L'utilisation du mot "échec" tout au long du
rapport est en lui-même un échec de la commission. Le
nouveau mot hébreu inventé par les groupes protestataires –
quelque chose comme "nullocrates" – s'applique aussi aux
cinq membres de la commission.
EN QUOI les trois mousquetaires qui ont
dirigé la guerre ont-ils échoué, selon la commission ?
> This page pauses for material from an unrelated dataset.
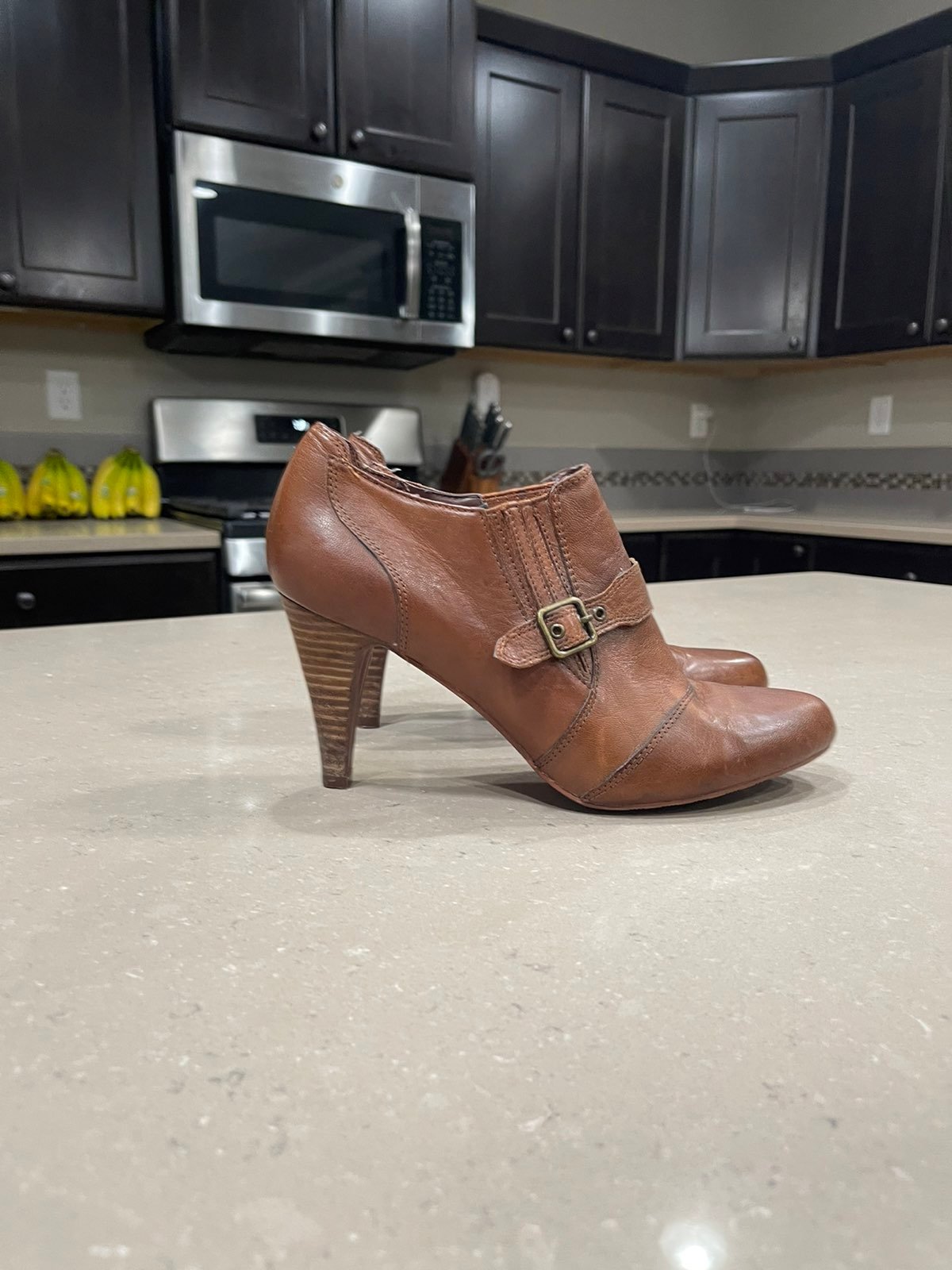 Booties Audrey Brooke Women's Adele Brown Leather Ankle Boots Booties Size 9.5 M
La décision de lancer la guerre a été prise
hâtivement. Les objectifs de la guerre annoncés par le
Premier ministre étaient irréalistes. Il n'y a eu aucun plan
militaire détaillé et finalisé. Il n'y a eu aucun état-major
opérationnel de constitué. Le gouvernement a adopté tel quel
le projet improvisé du chef d'état-major, sans proposer ni
demander d'alternatives. Le chef d'état-major a pensé qu'il
gagnerait en bombardant et en mitraillant uniquement. Aucune
attaque terrestre n'était planifiée. Les réservistes n'ont
pas été appelés à temps. La campagne terrestre a eu lieu
très tard. Au cours des années précédant la guerre, les
forces n'ont pas été correctement entraînées. De nombreux
équipements manquaient dans les magasins d'urgence. La
grosse attaque terrestre, qui a coûté la vie à tant de
soldats, n'a commencé qu'après l'adoption par les Nations
unies des conditions du cessez-le- feu.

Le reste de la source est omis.